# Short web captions

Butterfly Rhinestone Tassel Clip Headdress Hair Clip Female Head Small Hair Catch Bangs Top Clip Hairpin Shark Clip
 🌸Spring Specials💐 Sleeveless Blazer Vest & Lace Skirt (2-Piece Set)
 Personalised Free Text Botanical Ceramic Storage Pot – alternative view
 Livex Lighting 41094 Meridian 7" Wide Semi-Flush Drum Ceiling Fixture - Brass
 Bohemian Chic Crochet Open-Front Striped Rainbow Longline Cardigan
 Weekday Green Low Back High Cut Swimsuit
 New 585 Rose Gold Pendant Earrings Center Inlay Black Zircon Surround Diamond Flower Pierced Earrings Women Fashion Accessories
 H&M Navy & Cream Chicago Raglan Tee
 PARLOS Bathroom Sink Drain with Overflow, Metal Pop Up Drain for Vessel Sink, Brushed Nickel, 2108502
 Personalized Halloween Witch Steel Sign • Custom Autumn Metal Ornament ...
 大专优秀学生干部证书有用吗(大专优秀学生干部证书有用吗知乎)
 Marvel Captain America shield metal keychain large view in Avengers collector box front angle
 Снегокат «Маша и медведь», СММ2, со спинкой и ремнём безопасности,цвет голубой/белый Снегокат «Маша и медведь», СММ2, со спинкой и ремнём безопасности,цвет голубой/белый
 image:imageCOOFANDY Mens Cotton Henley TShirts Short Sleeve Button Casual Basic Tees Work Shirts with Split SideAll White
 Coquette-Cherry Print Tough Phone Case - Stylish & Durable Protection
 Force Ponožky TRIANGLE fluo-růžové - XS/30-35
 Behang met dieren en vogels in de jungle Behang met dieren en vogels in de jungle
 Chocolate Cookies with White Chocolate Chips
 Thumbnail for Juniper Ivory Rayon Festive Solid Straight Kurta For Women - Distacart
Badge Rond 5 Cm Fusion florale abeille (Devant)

# INSTRUCTIONS FOR THE TASK
Set down no line except those from the one with "image:imageCOOFANDY Mens Cotton" to the last line of the data, inclusive, each exactly as written.

# RESULT OF THE EXERCISE
 image:imageCOOFANDY Mens Cotton Henley TShirts Short Sleeve Button Casual Basic Tees Work Shirts with Split SideAll White
 Coquette-Cherry Print Tough Phone Case - Stylish & Durable Protection
 Force Ponožky TRIANGLE fluo-růžové - XS/30-35
 Behang met dieren en vogels in de jungle Behang met dieren en vogels in de jungle
 Chocolate Cookies with White Chocolate Chips
 Thumbnail for Juniper Ivory Rayon Festive Solid Straight Kurta For Women - Distacart
Badge Rond 5 Cm Fusion florale abeille (Devant)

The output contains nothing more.